Uma das mais notáveis obras assim editada é o livro do suíço Jean Jaques Rousseau (1712-1778). Nela o autor deslocou a competência jurídica do Estado, até então depositada nas mãos dos reis, para a mão do povo de cada país. Antes dele o rei é a lei (“Rex est lex”). Após suas lições a lei foi convertida no rei (“Lex est rex”).
Suas lições serviram para alicerçar os Estados surgidos durante os séculos XVIII e XIX. O pensamento do suíço foi a base para a eclosão da Revolução Francesa (1789) como também para impulsionar a luta pela independência norte-americana.
Na época a França e os Estados Unidos estavam unidos, como bem demonstra até hoje o museu parisiense do Quai d’Orsay. Ainda na França, Napoleão Bonaparte colocou em vigor as leis que se converteram no espelho dos direitos da cidadania. O povo é o titular da lei pois esta somente tem valor se foi por ele instituída.
Até mesmo a Constituição brasileira ordena que ninguém poderá ser obrigado a fazer alguma coisa senão em virtude de lei. Muito embora o texto esteja consagrado em norma constitucional, forçoso considerar que é ordinariamente descumprido no Brasil.
Hoje afirmamos que nos países democráticos o cidadão pode fazer o que quiser, menos violar a lei. Ao contrário, o Estado e todos os seus servidores nada podem fazer, salvo quando já estão autorizados pela lei, ou seja, pelo povo. Nem o Presidente da República, nem os ministros do Supremo Tribunal e nem mesmo o guarda da esquina estão autorizados a atacar a liberdade individual sem autorização do povo, ou seja, sem autorização da lei.
Rousseau advertiu que numa democracia só e somente só o povo e seus representantes podem criar a lei que venha limitar o exercício da liberdade do cidadão. Ou em outras palavras, se somente o povo está munido de poderes para contrair a liberdade dele mesmo, daí se extrai que qualquer outra origem da constrição merece ser reconhecida como inconstitucional. Será mesmo?
Lecionou Rousseau, na sua obra “Contrato Social” que “cada cidadão, unindo-se a todos, mais que a si mesmo, permanece tão livre como antes”. Assim, não caberia ao cidadão insurgir-se contra a aplicação da norma sobre sua pessoa porque direta ou indiretamente ele foi um dos elementos geradores da constrição.
As lições deixadas por Rousseau há mais de duzentos anos espantam o brasileiro, especialmente ao ler que, naquela época, o grande autor lecionou que “não importa a constituição de um governo, enquanto nele um único homem não está submetido à lei, quando não todos os outros estarão necessariamente a mercê dele”.

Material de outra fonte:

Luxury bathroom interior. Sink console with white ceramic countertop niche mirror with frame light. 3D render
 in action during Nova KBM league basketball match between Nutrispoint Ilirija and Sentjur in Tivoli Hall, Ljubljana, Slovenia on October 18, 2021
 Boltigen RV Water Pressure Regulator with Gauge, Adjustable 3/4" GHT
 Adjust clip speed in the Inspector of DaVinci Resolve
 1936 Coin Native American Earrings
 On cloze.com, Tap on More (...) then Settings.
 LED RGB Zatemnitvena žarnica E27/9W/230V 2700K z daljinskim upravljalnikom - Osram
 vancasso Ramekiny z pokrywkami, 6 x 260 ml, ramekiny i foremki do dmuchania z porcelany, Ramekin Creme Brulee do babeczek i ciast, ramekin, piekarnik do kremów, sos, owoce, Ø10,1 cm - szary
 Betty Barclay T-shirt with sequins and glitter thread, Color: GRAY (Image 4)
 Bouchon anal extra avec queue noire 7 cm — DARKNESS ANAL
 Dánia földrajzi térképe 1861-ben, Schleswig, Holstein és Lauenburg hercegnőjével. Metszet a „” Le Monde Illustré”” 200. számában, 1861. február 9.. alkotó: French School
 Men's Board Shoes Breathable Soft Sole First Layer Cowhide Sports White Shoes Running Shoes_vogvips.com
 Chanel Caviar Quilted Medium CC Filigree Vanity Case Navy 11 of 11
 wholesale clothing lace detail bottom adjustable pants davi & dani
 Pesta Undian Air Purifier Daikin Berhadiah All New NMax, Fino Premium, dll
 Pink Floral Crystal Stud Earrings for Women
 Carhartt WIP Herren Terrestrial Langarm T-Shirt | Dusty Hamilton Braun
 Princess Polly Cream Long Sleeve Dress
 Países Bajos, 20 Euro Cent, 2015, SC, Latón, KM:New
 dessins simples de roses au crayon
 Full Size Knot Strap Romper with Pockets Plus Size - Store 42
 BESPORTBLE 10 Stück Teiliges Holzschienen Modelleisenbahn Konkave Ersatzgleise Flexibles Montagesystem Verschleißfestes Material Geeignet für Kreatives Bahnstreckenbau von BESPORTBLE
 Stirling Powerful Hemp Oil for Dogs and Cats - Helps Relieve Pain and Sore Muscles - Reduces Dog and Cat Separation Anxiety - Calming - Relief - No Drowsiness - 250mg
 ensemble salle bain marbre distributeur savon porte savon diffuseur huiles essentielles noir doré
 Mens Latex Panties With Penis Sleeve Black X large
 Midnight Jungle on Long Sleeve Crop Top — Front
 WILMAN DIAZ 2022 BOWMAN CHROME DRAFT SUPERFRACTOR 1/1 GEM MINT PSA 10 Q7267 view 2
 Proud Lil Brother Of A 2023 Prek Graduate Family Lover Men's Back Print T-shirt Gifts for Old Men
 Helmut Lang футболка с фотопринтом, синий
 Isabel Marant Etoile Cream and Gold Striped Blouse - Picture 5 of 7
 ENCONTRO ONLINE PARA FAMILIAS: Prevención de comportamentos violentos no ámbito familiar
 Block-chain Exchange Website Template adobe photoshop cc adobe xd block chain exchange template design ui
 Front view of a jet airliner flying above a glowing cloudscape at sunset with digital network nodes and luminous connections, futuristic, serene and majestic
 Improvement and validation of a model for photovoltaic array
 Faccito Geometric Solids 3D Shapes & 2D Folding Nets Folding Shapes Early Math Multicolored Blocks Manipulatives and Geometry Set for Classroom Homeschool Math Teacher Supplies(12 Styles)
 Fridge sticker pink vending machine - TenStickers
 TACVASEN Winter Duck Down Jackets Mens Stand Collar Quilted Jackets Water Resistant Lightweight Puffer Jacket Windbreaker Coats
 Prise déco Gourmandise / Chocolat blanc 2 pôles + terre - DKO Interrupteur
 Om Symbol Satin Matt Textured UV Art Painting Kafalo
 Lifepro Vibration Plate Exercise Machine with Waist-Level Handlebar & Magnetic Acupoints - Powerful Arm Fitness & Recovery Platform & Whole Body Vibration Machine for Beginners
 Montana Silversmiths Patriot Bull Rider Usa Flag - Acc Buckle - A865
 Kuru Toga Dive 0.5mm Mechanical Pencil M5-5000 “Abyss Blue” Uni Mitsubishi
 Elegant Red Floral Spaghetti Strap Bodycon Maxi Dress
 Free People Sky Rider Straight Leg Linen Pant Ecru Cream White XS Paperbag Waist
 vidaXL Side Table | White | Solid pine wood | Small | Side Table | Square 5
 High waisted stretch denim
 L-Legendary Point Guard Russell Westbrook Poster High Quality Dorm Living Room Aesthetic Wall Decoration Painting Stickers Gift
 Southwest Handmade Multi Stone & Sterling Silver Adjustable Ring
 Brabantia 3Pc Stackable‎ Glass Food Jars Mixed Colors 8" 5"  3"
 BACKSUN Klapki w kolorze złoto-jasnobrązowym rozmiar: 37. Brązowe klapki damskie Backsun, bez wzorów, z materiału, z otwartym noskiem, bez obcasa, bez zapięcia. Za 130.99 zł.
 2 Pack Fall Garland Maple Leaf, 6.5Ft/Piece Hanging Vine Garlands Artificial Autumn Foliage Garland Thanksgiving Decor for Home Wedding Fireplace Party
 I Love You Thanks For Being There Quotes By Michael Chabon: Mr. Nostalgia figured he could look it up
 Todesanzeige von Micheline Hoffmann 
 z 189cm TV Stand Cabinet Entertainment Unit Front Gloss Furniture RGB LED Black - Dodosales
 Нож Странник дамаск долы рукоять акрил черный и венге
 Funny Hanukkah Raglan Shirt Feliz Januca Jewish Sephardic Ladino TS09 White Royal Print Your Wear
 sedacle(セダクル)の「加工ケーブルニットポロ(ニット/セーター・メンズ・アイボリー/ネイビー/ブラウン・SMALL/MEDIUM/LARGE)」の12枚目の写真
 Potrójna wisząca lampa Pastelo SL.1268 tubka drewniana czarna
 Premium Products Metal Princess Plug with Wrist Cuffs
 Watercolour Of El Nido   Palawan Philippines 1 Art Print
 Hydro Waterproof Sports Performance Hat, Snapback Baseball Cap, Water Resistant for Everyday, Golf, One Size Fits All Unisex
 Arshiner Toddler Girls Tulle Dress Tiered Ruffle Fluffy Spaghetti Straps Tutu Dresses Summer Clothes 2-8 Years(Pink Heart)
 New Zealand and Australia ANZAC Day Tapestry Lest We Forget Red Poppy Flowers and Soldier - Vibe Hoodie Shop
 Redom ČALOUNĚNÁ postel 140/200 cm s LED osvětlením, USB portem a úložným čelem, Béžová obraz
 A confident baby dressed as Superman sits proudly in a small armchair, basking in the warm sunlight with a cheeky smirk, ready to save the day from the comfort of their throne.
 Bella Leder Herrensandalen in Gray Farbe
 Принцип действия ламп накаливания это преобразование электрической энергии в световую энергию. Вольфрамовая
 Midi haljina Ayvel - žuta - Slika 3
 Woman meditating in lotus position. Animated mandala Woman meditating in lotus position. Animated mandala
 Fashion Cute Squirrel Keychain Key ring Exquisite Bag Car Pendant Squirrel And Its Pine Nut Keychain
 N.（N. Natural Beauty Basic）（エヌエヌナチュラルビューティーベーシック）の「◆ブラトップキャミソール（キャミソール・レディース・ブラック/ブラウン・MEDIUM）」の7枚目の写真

No Brasil, diz a imprensa que o presidente da Câmara engavetou cerca de cem pedidos de “impeachment”, negando-se a processá-los. Um senador engavetou a indicação de um candidato para compor o Supremo Tribunal Federal. E mais ainda, o Congresso Nacional processou um “orçamento secreto”. Pode? Não pode se o país for democrático.
Segundo o padrão consagrado pelos países democráticos o presidente da Câmara dos Deputados, Artur Lira, o senador David Alcolumbre e o presidente do Supremo Tribunal Federal somente podem agir se autorizados pelo povo, ou seja, pela lei. Não são eles donos da entidade que dirigem.
“Rex est lex” deixou de ser a base até mesmo das monarquias, contudo o lema vem sendo aplicado em quase todos os países republicanos. Há ainda necessidade de lutar pela síntese democrática: “lex est rex”.